Thursday, 9 January 2014


'Dublin's crystal tower' also known as Liberty Hall was completed in 1964 by architect and structural engineer Desmond Rea O'Kelly.  It was constructed on the site of the original Liberty Hall which occupied the Northumberland Hotel, a rebel stronghold in the 1916 Easter Rising. The new Liberty Hall was purpose-built as the headquarters for the Irish Transport and General Workers Union (ITGWU now called SIPTU). This sixteen-story high architectural marvel was Ireland's first skyscraper. 

Situated on Beresford Place, it holds a prominent location on the riverfront adjacent to Gandon's Customs House. The architect asserted that Liberty Hall's copper roof gave a nod of recognition to its esteemed neighbour. The distinctive roof is cantilevered from the central core and is made up of projecting folded plate slabs that flow in an undulating wave pattern. The underside of the roof is covered in classically modernist coloured tiles. Apparently the colours were chosen by the architect's wife, whom he said "has good taste in these things".

The mosaic tiles were used again, but this time in white on the outside of the building along the edge of each reinforced concrete floor plate. The floor-to-ceiling transparent non-reflective glass panels provided excellent views of the city. The effect of the white tiled floor plates and clear glass stories worked in striking harmony. Unfortunately a car bomb exploded outside the hall in 1972 shattering a large proportion of the tower's glass. Although the glass was replaced, a protective film was applied to all of the windows which diminished the building's former translucency.
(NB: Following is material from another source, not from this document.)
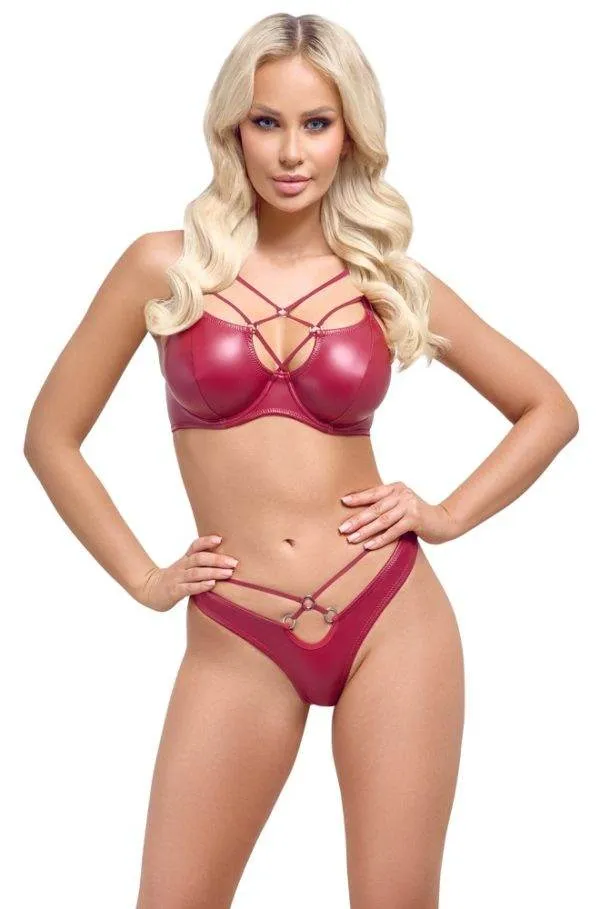 Cottelli LINGERIE Wetlook BH-String Set, rot – A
The SIPTU union made a planning application for the demolition and erection of a new Liberty Hall in 2011. They hired Gilroy McMahon Architects to design the proposal. The Bord Pleanala rejected the application in November 2012 stating in its conclusion, "It is considered that the site of Liberty Hall is of national historic and social significance and is located at a prominent and sensitive location fronting onto the River Liffey, within the historic city core of Dublin and adjacent to the Custom House, a protected structure of primary importance in the state".  

Loved by many but loathed by others, who see its height as incompatible with the classical Georgian fabric of the city and its exterior outdated, Liberty Hall retains its controversial profile to this day. Concrete Collar are jubilant that Liberty Hall was spared the wrecking ball. We see it as an icon of modernist Dublin and would love to see its once public observatory deck (which existed as one of Dublin's most popular attractions in the 1960's) re-open in the not so distant future. The views from this building are unrivalled and should be treasured.

Special thanks to Alsún Keogh for letting us share her wonderful research.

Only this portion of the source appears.